Zelfredzaam, onderzoekend, vindingrijk, strategisch vernuft. Het zijn termen die niet vaak in verband gebracht worden met Marokkaanse jongeren in Nederland. Eerder vallen dan termen als slachtofferrol, passief, fatalisme en overlast. En in een aantal gevallen gebeurt dat ook terecht. Dit boek maakt echter duidelijk hoe onterecht het is om jonge Marokkanen per definitie als probleemgroep neer te zetten. Sterker, met velen gaat het goed. Ze weten zichzelf vaak prima te redden in de extra uitdagingen waarmee ze als allochtone adolescent te maken krijgen.

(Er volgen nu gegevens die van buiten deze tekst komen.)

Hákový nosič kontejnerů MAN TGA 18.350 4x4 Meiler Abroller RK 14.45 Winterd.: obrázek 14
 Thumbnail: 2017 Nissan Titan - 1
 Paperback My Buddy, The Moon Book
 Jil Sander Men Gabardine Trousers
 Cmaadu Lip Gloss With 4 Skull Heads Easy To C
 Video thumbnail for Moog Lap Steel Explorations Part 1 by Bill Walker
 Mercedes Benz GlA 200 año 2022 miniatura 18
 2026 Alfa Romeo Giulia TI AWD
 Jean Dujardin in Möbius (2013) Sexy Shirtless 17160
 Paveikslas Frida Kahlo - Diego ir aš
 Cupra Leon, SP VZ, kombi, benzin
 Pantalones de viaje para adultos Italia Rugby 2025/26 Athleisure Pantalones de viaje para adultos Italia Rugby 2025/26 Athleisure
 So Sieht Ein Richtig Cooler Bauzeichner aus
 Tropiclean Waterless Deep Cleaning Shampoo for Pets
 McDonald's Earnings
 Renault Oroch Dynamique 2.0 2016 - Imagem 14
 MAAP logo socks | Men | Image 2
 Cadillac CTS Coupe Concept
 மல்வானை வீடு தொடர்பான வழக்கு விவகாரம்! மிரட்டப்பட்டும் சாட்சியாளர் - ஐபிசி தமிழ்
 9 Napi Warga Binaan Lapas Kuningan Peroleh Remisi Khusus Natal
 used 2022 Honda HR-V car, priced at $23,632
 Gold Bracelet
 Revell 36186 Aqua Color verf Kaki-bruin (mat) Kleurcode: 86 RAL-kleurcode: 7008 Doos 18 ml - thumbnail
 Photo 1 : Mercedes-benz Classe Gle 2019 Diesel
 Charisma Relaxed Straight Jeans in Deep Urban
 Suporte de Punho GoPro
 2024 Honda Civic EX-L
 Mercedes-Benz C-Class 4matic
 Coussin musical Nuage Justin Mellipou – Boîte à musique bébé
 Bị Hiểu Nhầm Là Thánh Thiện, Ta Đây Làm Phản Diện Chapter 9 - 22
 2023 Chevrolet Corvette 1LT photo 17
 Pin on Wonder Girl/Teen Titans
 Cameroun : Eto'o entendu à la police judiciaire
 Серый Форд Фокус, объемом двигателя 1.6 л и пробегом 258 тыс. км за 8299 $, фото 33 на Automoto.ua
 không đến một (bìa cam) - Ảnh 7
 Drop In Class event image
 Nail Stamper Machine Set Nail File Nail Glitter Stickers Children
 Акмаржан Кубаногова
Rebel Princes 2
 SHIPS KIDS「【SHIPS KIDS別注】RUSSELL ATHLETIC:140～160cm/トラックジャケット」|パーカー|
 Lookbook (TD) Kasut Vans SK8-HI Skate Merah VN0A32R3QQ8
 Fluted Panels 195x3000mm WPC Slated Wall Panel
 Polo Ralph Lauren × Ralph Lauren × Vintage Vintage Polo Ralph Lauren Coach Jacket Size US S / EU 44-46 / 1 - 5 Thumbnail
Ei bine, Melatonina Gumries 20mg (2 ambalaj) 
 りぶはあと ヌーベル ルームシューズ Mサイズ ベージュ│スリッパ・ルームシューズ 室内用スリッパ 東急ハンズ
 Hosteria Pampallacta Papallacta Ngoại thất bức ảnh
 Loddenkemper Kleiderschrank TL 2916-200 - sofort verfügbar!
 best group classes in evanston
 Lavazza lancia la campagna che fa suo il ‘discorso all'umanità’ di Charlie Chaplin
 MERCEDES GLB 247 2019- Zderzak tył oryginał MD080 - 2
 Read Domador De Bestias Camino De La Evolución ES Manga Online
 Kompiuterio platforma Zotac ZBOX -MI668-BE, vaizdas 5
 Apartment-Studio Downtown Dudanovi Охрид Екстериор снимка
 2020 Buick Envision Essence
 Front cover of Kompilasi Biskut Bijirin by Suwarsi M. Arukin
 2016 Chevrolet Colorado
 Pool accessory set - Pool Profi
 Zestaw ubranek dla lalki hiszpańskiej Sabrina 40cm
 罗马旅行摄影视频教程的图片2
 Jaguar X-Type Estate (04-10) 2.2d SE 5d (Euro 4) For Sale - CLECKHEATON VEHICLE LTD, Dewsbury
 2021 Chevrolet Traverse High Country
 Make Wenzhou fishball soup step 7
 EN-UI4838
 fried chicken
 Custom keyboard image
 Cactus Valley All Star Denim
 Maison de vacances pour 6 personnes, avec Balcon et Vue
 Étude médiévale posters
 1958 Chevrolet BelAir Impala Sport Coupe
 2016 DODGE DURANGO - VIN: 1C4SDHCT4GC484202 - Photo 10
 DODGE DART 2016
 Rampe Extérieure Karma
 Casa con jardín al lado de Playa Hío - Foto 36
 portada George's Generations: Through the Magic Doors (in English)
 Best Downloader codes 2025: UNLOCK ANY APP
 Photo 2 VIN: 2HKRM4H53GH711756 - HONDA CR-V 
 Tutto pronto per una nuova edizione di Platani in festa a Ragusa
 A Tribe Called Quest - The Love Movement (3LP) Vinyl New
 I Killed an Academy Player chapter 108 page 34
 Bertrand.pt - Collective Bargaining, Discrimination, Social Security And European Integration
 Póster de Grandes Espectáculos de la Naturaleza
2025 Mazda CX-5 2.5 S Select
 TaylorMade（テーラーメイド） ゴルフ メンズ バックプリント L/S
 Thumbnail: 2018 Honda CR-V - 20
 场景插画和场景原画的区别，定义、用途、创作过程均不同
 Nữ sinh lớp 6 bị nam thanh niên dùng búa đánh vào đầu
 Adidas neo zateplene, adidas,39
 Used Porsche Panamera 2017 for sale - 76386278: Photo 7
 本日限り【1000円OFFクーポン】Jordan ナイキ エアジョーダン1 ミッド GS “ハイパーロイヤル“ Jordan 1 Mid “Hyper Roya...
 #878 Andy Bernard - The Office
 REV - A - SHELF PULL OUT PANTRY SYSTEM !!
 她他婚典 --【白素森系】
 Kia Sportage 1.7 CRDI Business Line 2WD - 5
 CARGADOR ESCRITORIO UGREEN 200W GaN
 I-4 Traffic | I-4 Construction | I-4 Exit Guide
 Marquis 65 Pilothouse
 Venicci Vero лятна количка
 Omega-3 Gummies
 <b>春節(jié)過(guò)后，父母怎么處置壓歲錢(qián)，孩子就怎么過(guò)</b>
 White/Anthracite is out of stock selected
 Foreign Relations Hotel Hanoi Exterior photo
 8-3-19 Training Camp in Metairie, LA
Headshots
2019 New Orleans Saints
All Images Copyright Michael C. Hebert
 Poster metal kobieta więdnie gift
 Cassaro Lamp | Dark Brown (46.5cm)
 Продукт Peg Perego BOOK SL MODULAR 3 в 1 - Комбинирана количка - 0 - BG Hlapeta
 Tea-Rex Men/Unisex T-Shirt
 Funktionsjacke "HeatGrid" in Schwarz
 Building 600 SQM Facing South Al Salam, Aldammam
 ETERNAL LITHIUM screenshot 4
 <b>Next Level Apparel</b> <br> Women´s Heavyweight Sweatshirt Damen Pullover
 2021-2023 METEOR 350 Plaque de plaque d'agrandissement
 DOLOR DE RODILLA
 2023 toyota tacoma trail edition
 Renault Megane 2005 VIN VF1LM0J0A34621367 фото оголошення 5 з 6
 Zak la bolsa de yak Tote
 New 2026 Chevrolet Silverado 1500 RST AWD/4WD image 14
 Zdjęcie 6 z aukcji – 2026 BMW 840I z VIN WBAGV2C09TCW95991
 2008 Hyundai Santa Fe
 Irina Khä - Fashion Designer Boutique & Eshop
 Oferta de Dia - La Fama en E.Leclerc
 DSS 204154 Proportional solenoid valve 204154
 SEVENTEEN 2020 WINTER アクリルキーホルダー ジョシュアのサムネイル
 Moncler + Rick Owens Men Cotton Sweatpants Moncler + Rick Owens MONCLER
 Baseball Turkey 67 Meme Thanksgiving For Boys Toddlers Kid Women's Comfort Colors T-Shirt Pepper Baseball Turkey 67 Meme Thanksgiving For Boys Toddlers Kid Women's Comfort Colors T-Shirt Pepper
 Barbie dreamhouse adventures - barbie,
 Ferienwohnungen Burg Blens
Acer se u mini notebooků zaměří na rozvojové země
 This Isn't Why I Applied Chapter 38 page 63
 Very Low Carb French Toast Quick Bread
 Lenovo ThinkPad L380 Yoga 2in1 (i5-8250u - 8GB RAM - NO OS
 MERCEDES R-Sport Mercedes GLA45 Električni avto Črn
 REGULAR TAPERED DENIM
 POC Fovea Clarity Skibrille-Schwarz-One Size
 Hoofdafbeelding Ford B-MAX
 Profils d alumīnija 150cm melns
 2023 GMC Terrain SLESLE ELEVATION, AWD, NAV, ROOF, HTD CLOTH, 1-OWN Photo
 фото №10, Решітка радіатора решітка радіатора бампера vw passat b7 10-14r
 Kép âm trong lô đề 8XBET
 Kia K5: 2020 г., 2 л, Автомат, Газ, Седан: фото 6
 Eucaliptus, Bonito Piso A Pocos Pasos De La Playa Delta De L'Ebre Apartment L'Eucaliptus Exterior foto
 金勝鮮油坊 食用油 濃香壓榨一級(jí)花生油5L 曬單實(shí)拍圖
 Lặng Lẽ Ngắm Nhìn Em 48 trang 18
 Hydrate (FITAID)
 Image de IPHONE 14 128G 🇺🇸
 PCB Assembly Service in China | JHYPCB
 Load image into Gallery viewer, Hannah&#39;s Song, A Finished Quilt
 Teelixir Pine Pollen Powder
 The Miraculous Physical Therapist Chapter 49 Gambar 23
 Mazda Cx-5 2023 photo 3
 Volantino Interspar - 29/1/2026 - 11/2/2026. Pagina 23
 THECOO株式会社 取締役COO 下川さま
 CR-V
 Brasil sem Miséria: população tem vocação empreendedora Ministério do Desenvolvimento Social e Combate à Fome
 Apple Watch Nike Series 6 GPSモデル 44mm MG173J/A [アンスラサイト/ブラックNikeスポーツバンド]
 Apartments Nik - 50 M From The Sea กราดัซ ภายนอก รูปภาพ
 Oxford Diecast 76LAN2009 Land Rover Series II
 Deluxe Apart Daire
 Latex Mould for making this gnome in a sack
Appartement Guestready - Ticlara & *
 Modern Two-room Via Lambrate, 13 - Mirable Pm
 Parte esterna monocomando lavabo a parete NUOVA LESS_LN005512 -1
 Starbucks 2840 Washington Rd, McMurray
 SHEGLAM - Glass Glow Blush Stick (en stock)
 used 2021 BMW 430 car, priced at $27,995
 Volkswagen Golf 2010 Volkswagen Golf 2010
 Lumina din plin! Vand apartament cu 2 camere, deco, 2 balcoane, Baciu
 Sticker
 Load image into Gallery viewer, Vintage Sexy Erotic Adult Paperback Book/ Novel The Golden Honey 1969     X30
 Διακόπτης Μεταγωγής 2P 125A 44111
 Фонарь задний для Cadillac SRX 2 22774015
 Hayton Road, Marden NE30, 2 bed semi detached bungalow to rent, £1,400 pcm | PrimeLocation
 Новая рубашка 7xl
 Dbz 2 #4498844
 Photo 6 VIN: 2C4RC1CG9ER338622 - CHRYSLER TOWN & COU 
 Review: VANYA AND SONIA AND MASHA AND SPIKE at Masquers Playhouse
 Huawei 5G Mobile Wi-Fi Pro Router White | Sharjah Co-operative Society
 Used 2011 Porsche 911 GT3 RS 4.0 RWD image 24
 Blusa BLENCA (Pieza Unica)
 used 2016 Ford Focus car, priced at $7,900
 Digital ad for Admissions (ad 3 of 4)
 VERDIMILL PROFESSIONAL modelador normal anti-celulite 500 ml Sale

Het leven in verschillende culturen, omgaan met stigma’s en discriminatie, een goede moslim zijn in niet-islamitisch Nederland, met respect voor je ouders toch je eigen weg gaan… Uit eigen beweging exploreren ze volop hun mogelijkheden, en maken er creatief manoeuvrerend het beste van. Het hele scala aan strategieën dat ze daarvoor gebruiken komt in dit boek aan bod. Net als de vraag: wat kunnen we uit die good practices leren? In elk geval één ding: als jongeren voor de islam kiezen is dat geen vervreemding om bang voor te zijn, maar juist een weloverwogen stap naar integratie.
De publicatie bevat een slothoofdstuk met adviezen aan iedereen ‘die daar in beleid of praktijk iets mee kan’. Dat is breed op te vatten: het zijn ouders, moskeeën, scholen, politici, jongeren zelf. Onder de kopjes ‘Niet doen!’ en ‘Doen!’ heeft Susan aanknopingspunten geformuleerd voor een meer opbouwende benadering van jonge Marokkanen. Zoals: geen probleem aanpraten, niet over één kam scheren, en niet verkrampt doen over Moslimschap – de samenleving kan de religieuze beleving van jongeren juist gebruiken als ingang voor integratie. En: werken aan empowerment, voortrekkers een podium geven, ouders introduceren in de cultuur van hun kinderen, seksekwesties aan de orde stellen.